Activity:
Beginning at the top of the listing, repeat each line exactly until the line with "Pool Candy Adult" has been repeated too.

Given records:

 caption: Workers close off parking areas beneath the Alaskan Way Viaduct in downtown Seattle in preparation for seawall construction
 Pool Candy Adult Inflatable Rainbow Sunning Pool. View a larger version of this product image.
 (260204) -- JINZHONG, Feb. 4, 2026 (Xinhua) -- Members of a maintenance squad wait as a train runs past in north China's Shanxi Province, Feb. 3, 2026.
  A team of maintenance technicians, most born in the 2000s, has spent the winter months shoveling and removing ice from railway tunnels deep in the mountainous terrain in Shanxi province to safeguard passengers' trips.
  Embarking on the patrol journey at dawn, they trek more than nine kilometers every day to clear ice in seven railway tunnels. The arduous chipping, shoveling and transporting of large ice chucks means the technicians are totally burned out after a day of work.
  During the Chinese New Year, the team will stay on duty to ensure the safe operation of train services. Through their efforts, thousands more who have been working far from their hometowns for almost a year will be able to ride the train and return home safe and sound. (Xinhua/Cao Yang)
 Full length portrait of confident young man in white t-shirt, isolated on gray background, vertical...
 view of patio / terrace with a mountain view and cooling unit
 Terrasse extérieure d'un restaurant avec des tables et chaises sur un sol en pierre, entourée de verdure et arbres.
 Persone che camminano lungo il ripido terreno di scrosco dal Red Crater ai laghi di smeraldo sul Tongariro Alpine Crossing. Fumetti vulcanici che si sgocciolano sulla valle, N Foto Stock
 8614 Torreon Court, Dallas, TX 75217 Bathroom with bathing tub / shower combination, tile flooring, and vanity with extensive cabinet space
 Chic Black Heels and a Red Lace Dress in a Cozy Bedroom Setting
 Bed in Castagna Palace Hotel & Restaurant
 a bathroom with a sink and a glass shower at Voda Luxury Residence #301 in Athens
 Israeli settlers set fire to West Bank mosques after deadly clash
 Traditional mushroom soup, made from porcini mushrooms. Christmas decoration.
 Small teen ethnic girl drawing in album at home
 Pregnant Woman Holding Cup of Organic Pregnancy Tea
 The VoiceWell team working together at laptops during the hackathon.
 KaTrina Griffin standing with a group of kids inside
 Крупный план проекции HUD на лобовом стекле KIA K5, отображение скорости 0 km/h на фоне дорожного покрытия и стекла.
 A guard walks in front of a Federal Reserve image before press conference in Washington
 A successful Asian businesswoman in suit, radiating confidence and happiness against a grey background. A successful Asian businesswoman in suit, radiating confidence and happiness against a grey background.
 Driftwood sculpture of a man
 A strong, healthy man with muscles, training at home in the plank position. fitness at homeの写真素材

Written solution:
 caption: Workers close off parking areas beneath the Alaskan Way Viaduct in downtown Seattle in preparation for seawall construction
 Pool Candy Adult Inflatable Rainbow Sunning Pool. View a larger version of this product image.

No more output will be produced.